El grabado registra la visita de San Martín al fuerte de San Carlos, al sur de Mendoza, hasta donde salió en septiembre de 1816, para entrevistarse con los caciques pehuenches, pedirles permiso para atravesar sus tierras en el camino a Chile y su ayuda en las varias necesidades que hacían a su campaña de guerra, ponele, tanto en información y discreción, en baqueanos conocedores del territorio, como en ganado para la subsistencia y en sus caballadas, tan entrenadas en los senderos de la Cordillera.
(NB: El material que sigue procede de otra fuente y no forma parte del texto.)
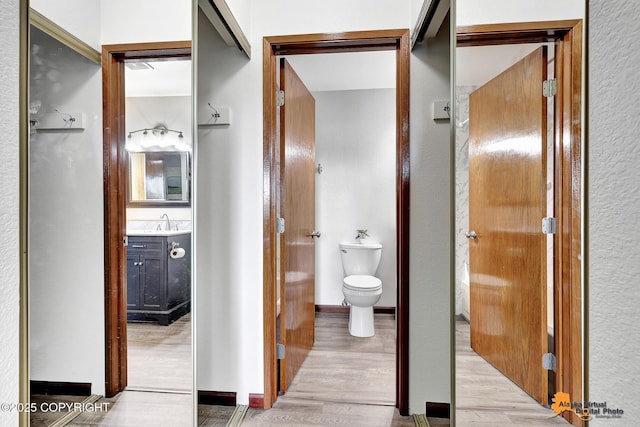 4221 Folker St # F203, Anchorage, AK 99508 - bathroom with vanity and wood finished floors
Y allá se fue San Martín, treinta leguas al sur del Plumerillo, acompañado por su estado mayor, granaderos y milicianos, y un séqito de mulas cargadas de obsequios, espuelas, frenos y cabestros, vestidos bordados, sombreros y pañuelos y tal vez sea cierto que también traía cuentas brillosas y barriles de vino y aguardiente –desconfío de algunos datos porque cuando se trata de indios siempre algún gorila imagina que son los únicos que se emborrachan- a tratar cuestiones de guerra con el cacique Ñeicún, señor de la Cordillera del Viento y de las tierras que se extendían entre el río Agrio del Neuquén y Malalhue.
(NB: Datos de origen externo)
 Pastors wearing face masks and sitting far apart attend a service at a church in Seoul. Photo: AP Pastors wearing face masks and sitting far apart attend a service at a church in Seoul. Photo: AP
Cualquiera que haya participado alguna vez en una asamblea indígena, conoce los largos procesos que implica, las funciones de agasajo, las lentas presentaciones de cada uno de los participantes, los profundos parlamentos para argumentar sus pensamientos y explicar sus decisiones, las reticencias y halagos, para finalmente sellar acuerdos. Aún hoy se mantienen y respetan antiguas y milenarias maneras que ya usted, atento lector, estará aprendiendo, si es que no ha tenido oportunidad de versarse en ellas. Y era de ver a los caciques del color del bronce, con su cuerpos fornidos y pintados y sus pelos largos movidos por el viento, explicando en detallado discurso, qué opinaban sobre si se debía dejar paso al Ejército de los Andes y negociar las relaciones con Marcó del Pont, el godo mandamás del lado occidental de la Cordillera.
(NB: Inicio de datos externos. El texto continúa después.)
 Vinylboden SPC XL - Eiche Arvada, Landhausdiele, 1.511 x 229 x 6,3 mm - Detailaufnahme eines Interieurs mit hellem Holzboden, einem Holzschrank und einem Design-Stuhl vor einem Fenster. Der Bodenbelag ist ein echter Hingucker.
La peculiaridad de la imagen de Noisternigg es que San Martín no aparece subido al caballo –en todos los sentidos que se le pueda dar a la expresión- arengando a la defensa de la Patria, sino abrazando al poderoso cacique, una vez terminado el parlamento, ambos de pie en un marco de cerros y cumbres nevadas, rodeados por la ordenada infantería criolla uniformada, el festejo desbordante de los pehuenches que celebran el acuerdo final del parlamento galopiando sus caballos y las mulas, que ya habiendo descargado los regalos, descansan en un rincón del cuadro.

 

Usted puede pensar, reflexivo lector, como lo hizo Mitre, intoxicado por el racismo positivista decimonónico, que San Martín conocía la natural perfidia de los indios y se acercó a ellos para manipular su astucia traicionera de manera que transmitieran al enemigo falsas noticias sobre sus planes sin dejar de ocuparse de sus propias guerras interétnicas. O tiene la opción de apreciar a un político revolucionario, de formación militar y excepcional estratega, con la capacidad visionaria de percibir con claridad que su patria era una tierra compleja, un conjunto de pueblos soberanos que debían de coincidir en un Estado plurinacional, a los que no tuvo inconveniente en presentarse como un indio paisano para sumarlos a las tareas de la independencia, reflejado todo en esa lámina de Noisternigg, desterrada mayormente de los manuales, escondida a nuestro ojos profanos y negacionada por dirigentes que, si llegaran a gobernar, empezarían por echar a patadas del centro de nuestra ciudad puerto, o a chisporroteos de pistolas taser, al Tercer Malón de la Paz. No sé si me hice entender.